Christian Marclay ISH Body MixChristian Marclay, ISH (from the series "Body Mix"), 1991. Four record covers and thread, 33 3/4 x 13 1/4 in.

"The Christian Marclay was one of the first works I bought. A lot of this collection is about the evolution of the music industry. I think the resurgence of vinyl is one of the really cool things that’s happening right now in the business. It’s up something like 50 percent year over year, for the past 10 years. People are really interested in that physical experience again. Music is this weird thing that went from being very physical, very communal, to being something totally ephemeral. So I think this piece is almost historical—it’s about a very specific time." 

 

Daniel Arsham Steel Eroded WalkmanDaniel Arsham, Steel Eroded Walkman, 2014. Steel fragments, volanic glass, hydrostone, unique. 16.5 x 18 x 7.5 cm. 

"The Walkman, for me, is highly personal. I worked at SONY, and this object is incredibly important to me as an older Millennial. It’s my whole childhood, it’s the reason I went to work at this company. So when I saw it, I just knew I had to have it. It might not have the same resonance to other people. It’s like the Claes Oldenburg typewriter is to my parents. I also love how Daniel Arsham is an interdisciplinary artist, much like Marclay. He makes films; he has Snarkitecture, which is an architecture practice. I’ve taken tons of art history, I’ve worked at museums, I’ve curated shows, I’ve collected, I’ve written. I have sort of a holistic vision, and I think that parallels what I see going on today—art has become increasingly interdisciplinary. I think these two artists really get that."

 

Alex Da Corte Black HellAbove sofa: Alex Da Corte, Black Hell, 2015. Digital print on poplin, anodized metal frames, foam, sequin pins, Plexiglas, velvet, dyed U.S. one dollar bills, Sharpie marker, flame decals. 142.24 x 142.24 cm. (56 x 56 in.)

"Alex Da Corte has a show currently up at Mass MoCA, and I think he’s gaining a lot of momentum. This is based on Nirvana’s “Bleach” album cover, so it’s right in my sweet spot. It’s also super-dark—Cobain’s a very dark figure. And with Alex it’s all about the post-Pop found object. He takes dollars, the commodity that killed Cobain, and puts them right there in the work. It’s a really beautiful work, but it’s this whole discourse of dissent, revolution. Cobain did not want to be part of this but now here he is, a seminal figure in music and in art history to an extent."

 

Chris Succo UntitledChris Succo, Untitled, 2015. Oil and lacquer on linen, 120 x 90 cm. (47 1/4 x 35 3/8 in.)

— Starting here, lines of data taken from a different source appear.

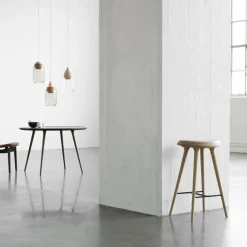 Barhocker Gestell Eiche H 74cm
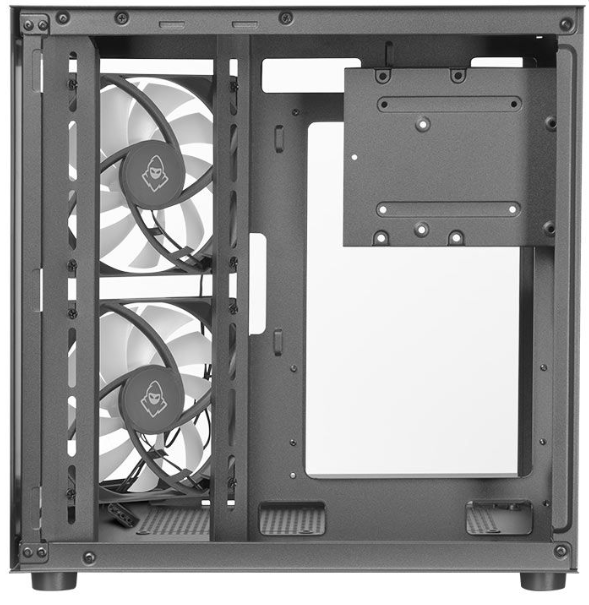 Gabinete Gamer Mancer Cv700m, Mini-Tower, Lateral De Vidro, Com 2 Fans, Preto, Mcr-Cv700m-Bk-2F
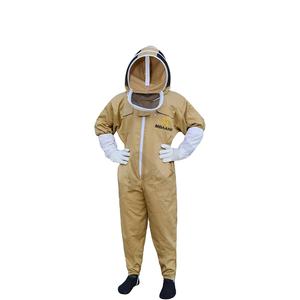 Traje de Apicultura en Tela de Algodón para Hombre y Mujer en Color Marrón con Guantes de Apicultor - Product Image 1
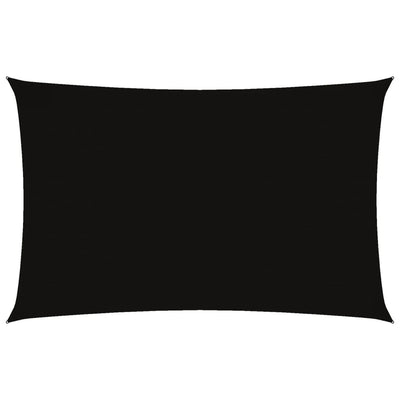 Vidaxl zonnescherm rechthoekig 2,5x5 m oxford stof zwart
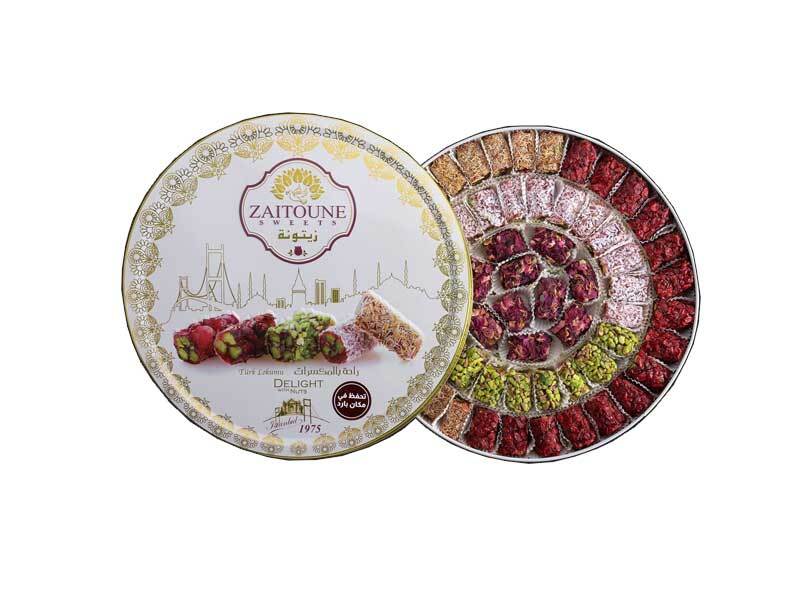 Zaytouna Premium Assorted Turkish Delight Box - Rose, Mint, Citrus & Pomegranate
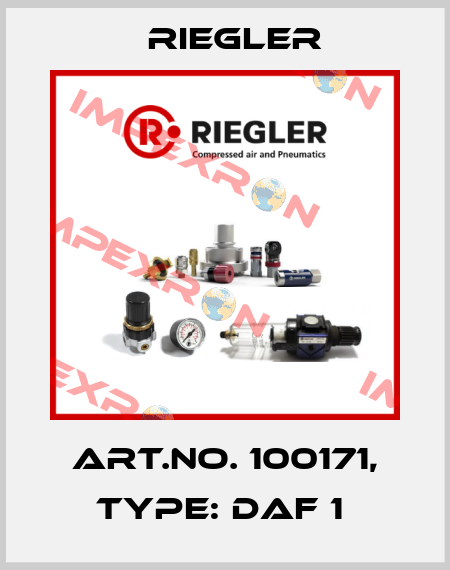 Art.No. 100171, Type: DAF 1  Riegler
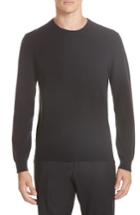 Men's Z Zegna Cashmere Blend Crewneck Sweater - Black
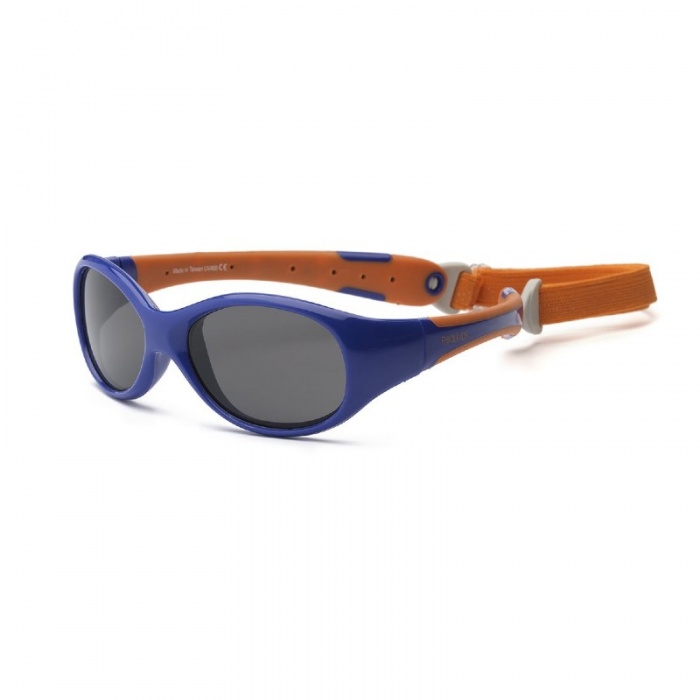 Real Shades Explorer Navy/Orange Sunglasses for Toddlers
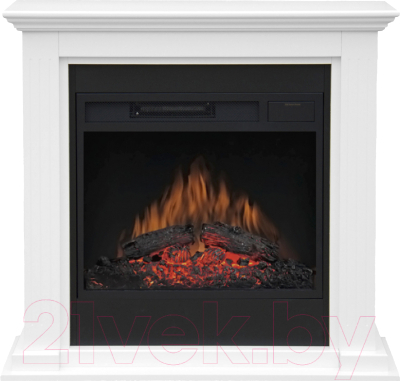 Портал для камина Смолком Marta V23 (бьянко белый/черный)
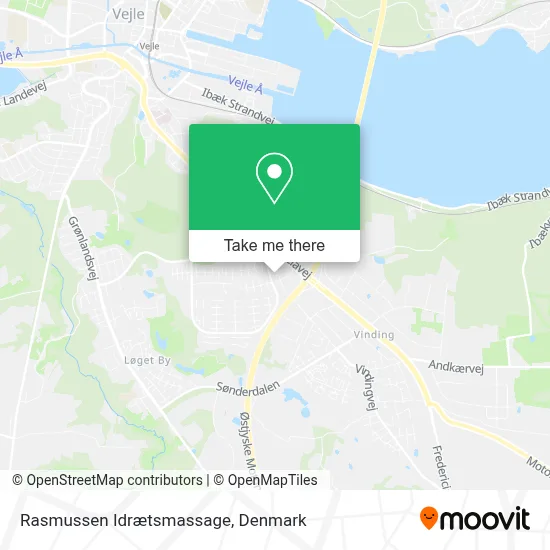 Rasmussen Idrætsmassage map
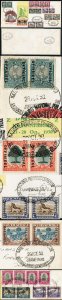 South Africa Officials on National Philatelic Exhibition Cover Stamps cat 183.51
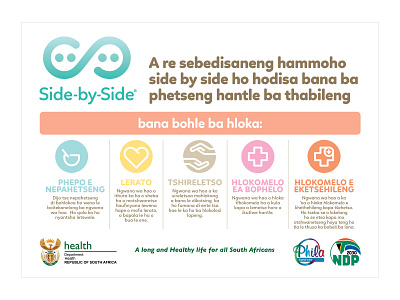 Design & layout: DoH Side-by-Side campaign comms campaign communication visual graphic design poster design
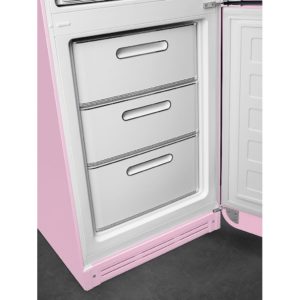 Smeg FAB32RPK5 60cm 50s Style Right Hand Hinge Fridge Freezer, Pink - Image 5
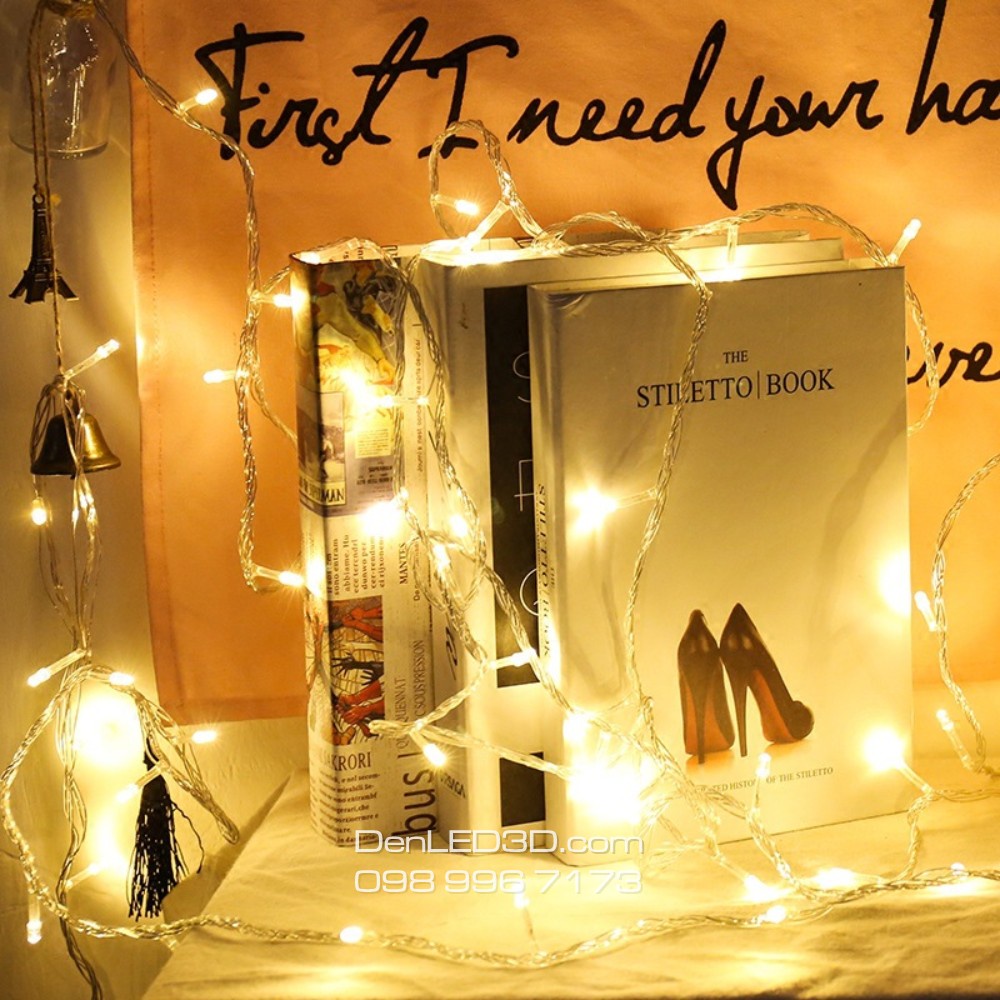 [Remote] Đèn Đom Đóm Fairy Light Trang Trí Ngoài Trời 220V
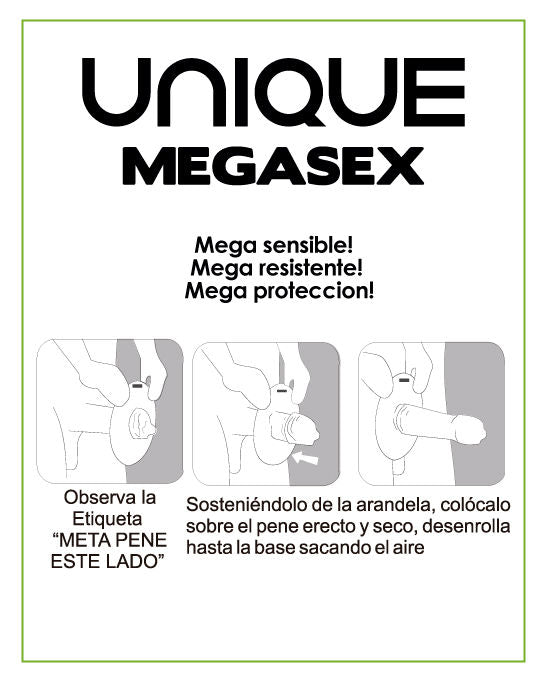 UNIQ - MEGASEX ΠΡΟΦΥΛΑΚΤΙΚΑ ΓΙΑ ΕΥΑΙΣΘΗΤΕΣ ΠΕΡΙΠΤΩΣΕΙΣ ΧΩΡΙΣ ΛΑΤΕΞ 3 ΤΕΜΑΧΙΑ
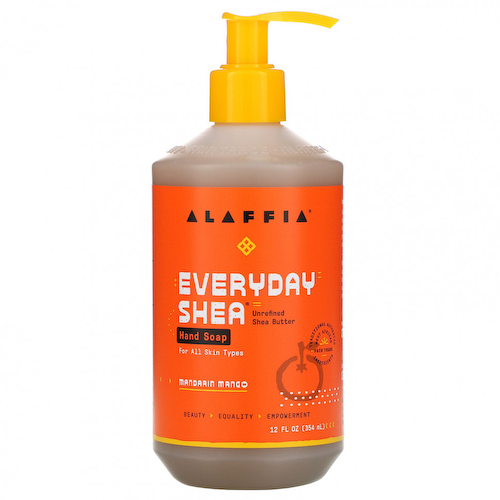 Alaffia, Hand Soap, Mandarin Mango, 12 fl oz (354 ml) #1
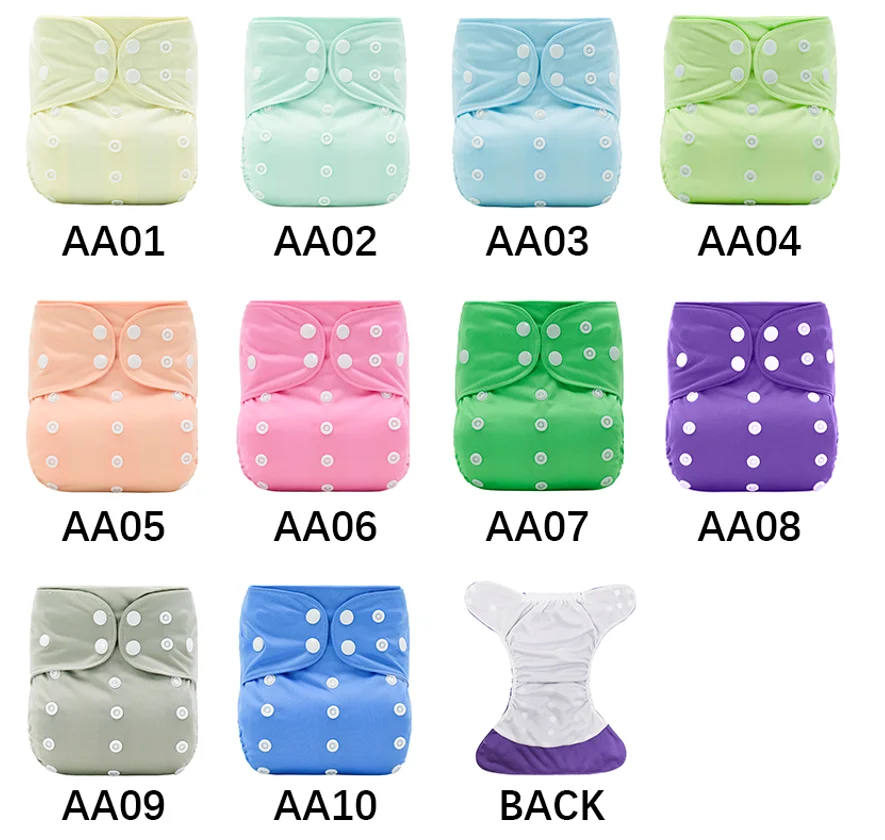 

[3PCS]Cloth Diaper Multiple Combinations Reusable Ecological Pocket Diapers Training Pants Comfortable Not Waterproof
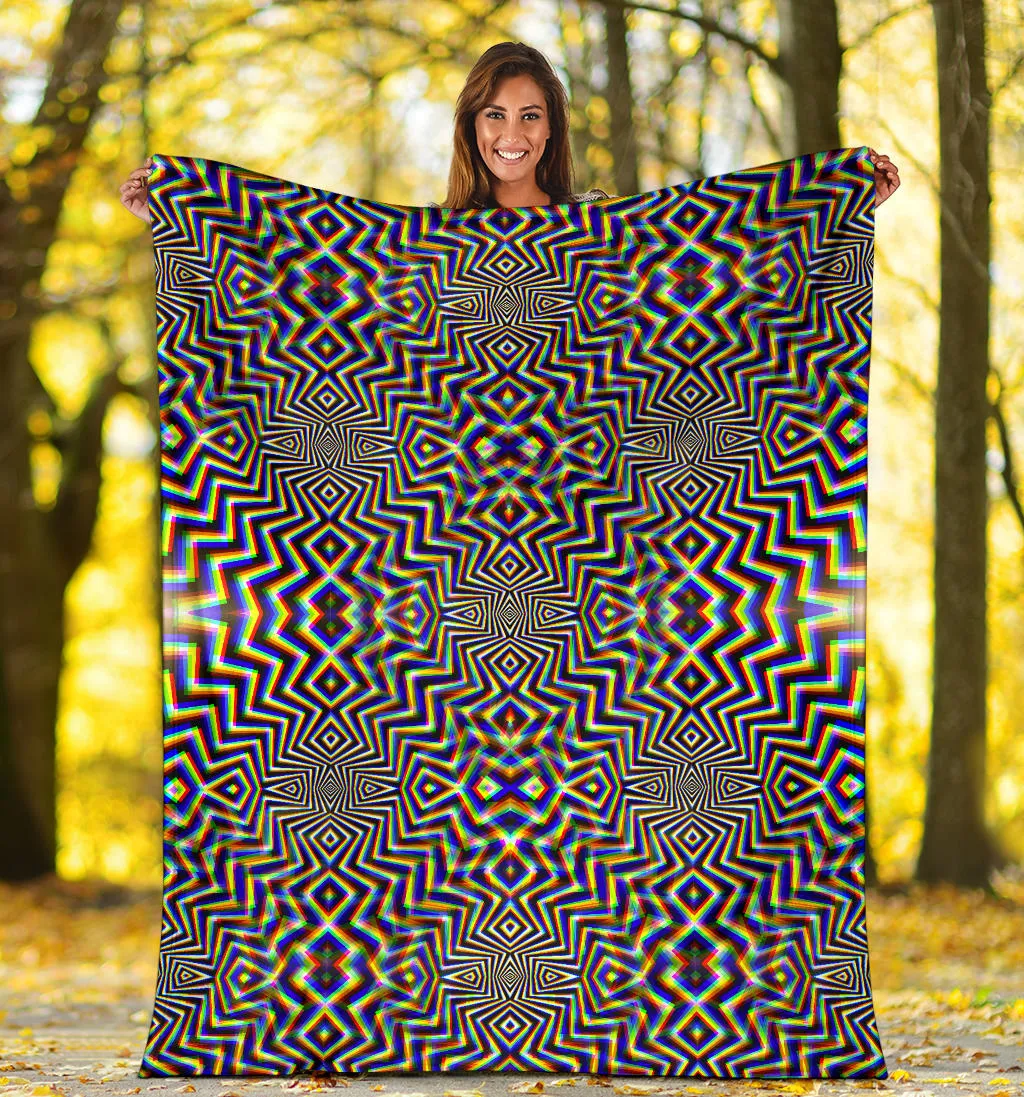 Chromadelic Micro Fleece Blanket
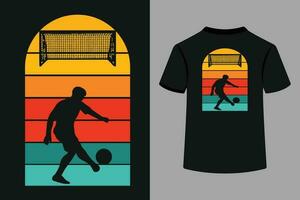 A Man Playing Football T-Shirt Design vector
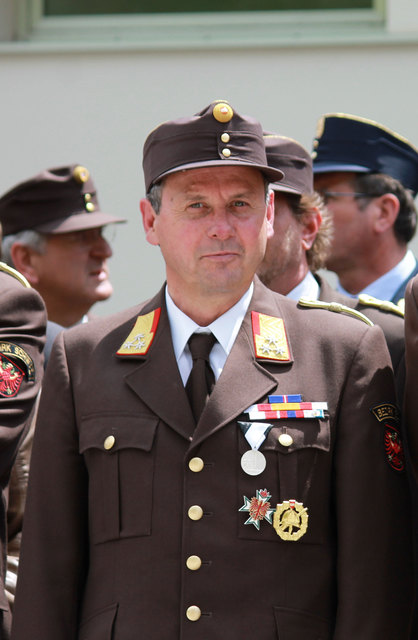 Johann Steinberger ist Bezirksfeuerwehrkommandant für Schwaz.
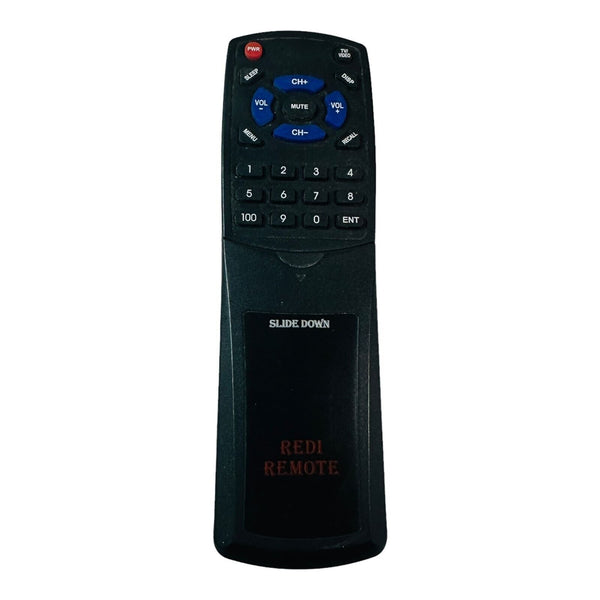 Redi Remote Universal TV Remote Control With Numeric Keypad For Multiple Devices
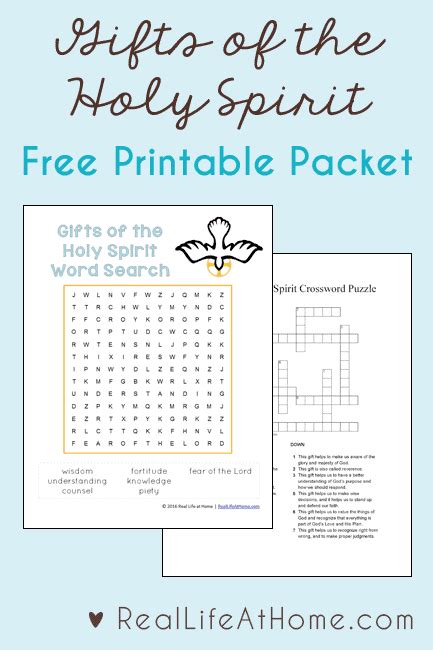 Seven Ts Of The Holy Spirit Worksheet Set Free Printables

"This work also speaks to [Kurt] Cobain and his moment—it’s from a series the artist made while listening to different Nirvana tracks. I love that the black marks look like music notes. It’s also that resurgence of abstraction, which I actually really love and wanted to bring into the collection. Chris Succo is German, and he’s very much about the history of German abstraction, which you can see in the gestures in the painting."